PAOLO FERRARO - MILITARI E MASSONERIA

 

Inserisco l'articolo tratto dal sito www.statoquotidiano.it relativo alla sospensione del magistrato Dott. Paolo Ferraro , declinando possibili commenti sulla vicenda, tutta da decifrare.


Roma – IL Consiglio Superiore della Magistratura giovedì scorso ha deliberato di collocare in aspettativa per infermità, per quattro mesi, il Pubblico Ministero di Roma Paolo Ferraro. Condividi4


Il provvedimento è stato adottato con una procedura d’urgenza, motivata dalla asserita gravità ed attualità dell’ inidoneità del magistrato «ad adempiere convenientemente ed efficacemente ai doveri del proprio ufficio». Il provvedimento del CSM prende le mosse dalle denunce presentate dal dottor Ferraro circa l’esistenza di «una setta satanica massonica esistente in ambito militare» che, secondo la sua prospettazione, potrebbe avere connessioni anche con i fatti di Ascoli Piceno, concernenti l’assassinio di Melania Rea. Il magistrato ha annunciato che, unitamente ai suoi legali, rivelerà dati, fatti, vicende patite nonché l’anomalia del procedimento cui è sottoposto in una conferenza stampa che si terrà lunedì 20 giugno, alle ore 16,00, presso lo studio dell’avvocato Giorgio Carta a Roma.

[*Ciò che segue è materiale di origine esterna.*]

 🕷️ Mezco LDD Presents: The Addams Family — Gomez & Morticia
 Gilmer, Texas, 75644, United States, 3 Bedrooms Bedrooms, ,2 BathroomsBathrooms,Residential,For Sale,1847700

Contro detto provvedimento, avente efficacia immediata, i legali del dottor Ferraro, Mauro Cecchetti e Giorgio Carta, hanno annunciato un ricorso al TAR Lazio, che sarà presentato nei primi giorni della prossima settimana. «Il procedimento cautelare seguito dal CSM – riferiscono gli avvocati del magistrato – risulta non solo costellato di violazioni delle garanzie difensive, ma addirittura atipico, perché non previsto da alcuna norma, nonché arbitrario, atteso che non risulta fondato su alcuna perizia medica, se non una risalente al 2008 che, peraltro, attestava l’idoneità allo “svolgimento di attività professionali anche complesse”. Il CSM, poi, ha stranamente ritenuto ininfluenti le numerose perizie mediche di parte del 2011 – attestanti la specifica idoneità ed anzi qualità intellettuale del magistrato – ed ha ignorato una denuncia analitica e argomentata depositata in atti, che evidenzia fatti gravissimi a suo danno patiti dal 2009 in poi. In definitiva, il CSM ha fondato il provvedimento cautelare sulle dichiarazioni di alcuni colleghi della procura di Roma, con i quali il nostro assistito è notoriamente in contrasto proprio per effetto delle sue denunce».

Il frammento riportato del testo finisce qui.